Choosing a Policy Instrument • In conducting monetary policy, the central bank has several policy instruments through which it hopes to achieve its policy goal • In many cases, it uses to policy instrument to achieve an intermediate target which is related to the policy goal. • Ex: The Fed wants to achieve an inflation rate of 3% (policy goal), so it targets the growth rate in M1 (intermediate target) to be 2%. To get this M1 growth rate, the Fed changes Non-Borrowed Reserves (the policy instrument) through Open Market Operations. • The two most commonly used policy instruments are monetary aggregates like NBR and interest rates like the federal funds rate. • The central bank can directly control one of these instruments, but not both simultaneously.
Using NBR as a Policy Instrument cedes Control over the Federal Funds Rate
Using the Federal Funds Rate as a Policy Instrument cedes control over NBR
Choosing a Policy Instrument • The Policy Instrument should be Observable and Measurable • Quick observation and measurement are necessary to signal the central bank’s policy stance • NBR take up to two weeks to report compared to iff, which is available immediately (though rff is subject to expected inflation) • It should be Controllable • The ability of the central bank to conduct policy rests on its ability to change the policy instrument • It should produce Predictable Outcomes • If the policy instrument is changed, how accurately can we predict its effect on the policy goal?

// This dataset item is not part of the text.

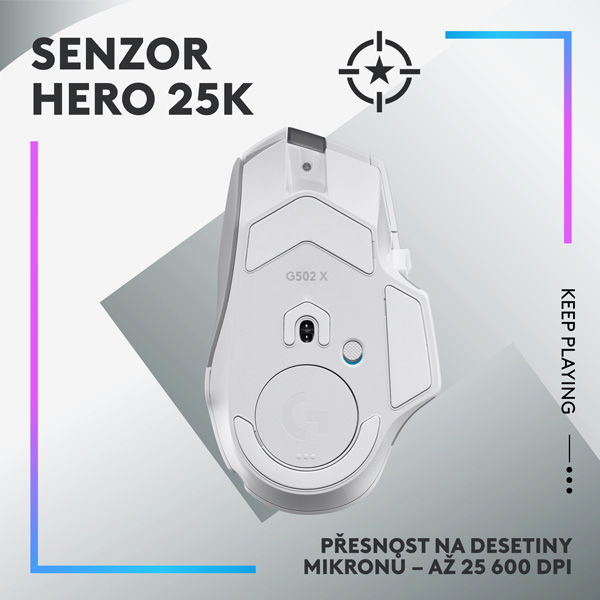 Bezdrátová herní myš Logitech G502 X Plus, bílá Bezdrátová herní myš Logitech G502 X Plus, bílá
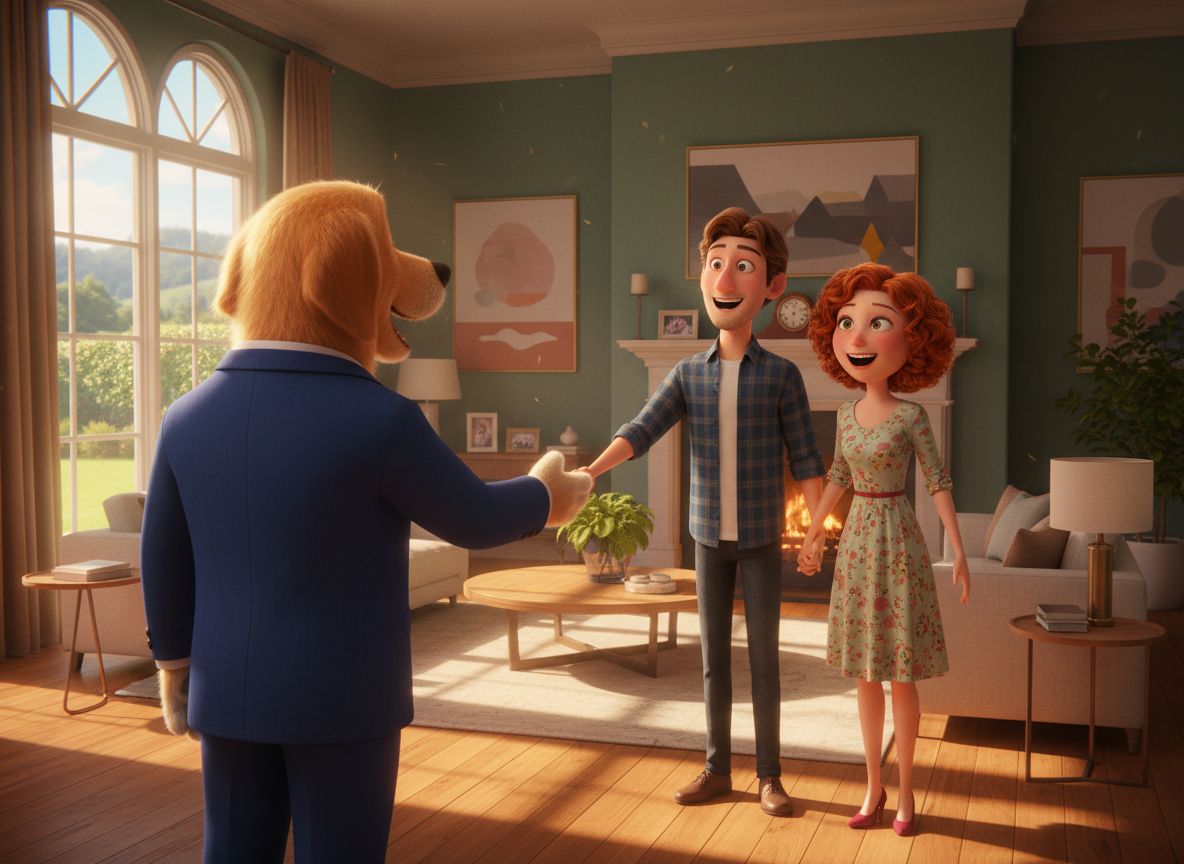 An estate agent showing a property to viewers, or a valuation appointment in a living room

The Taylor Rule • So how should the Fed behave? • Most economists argue that the Fed should have a policy goal of long run price stability • If credible, a dual mandate allows the Fed to moderate short run output fluctuations • The policy instrument should be the Federal Funds rate • The economist John Taylor devised a “rule” for the Fed to follow that tracks the above recommendation: • iff* = π + rff* + α*(π-π*) + β*(y-y*) • The Fed should set the federal funds rate based on the current rate of inflation, the equilibrium real federal funds rate (that which would exist at full employment), and a weighted average of the inflation gap (the difference between current and desired inflation) and the output gap (the percentage difference between actual and full employment output).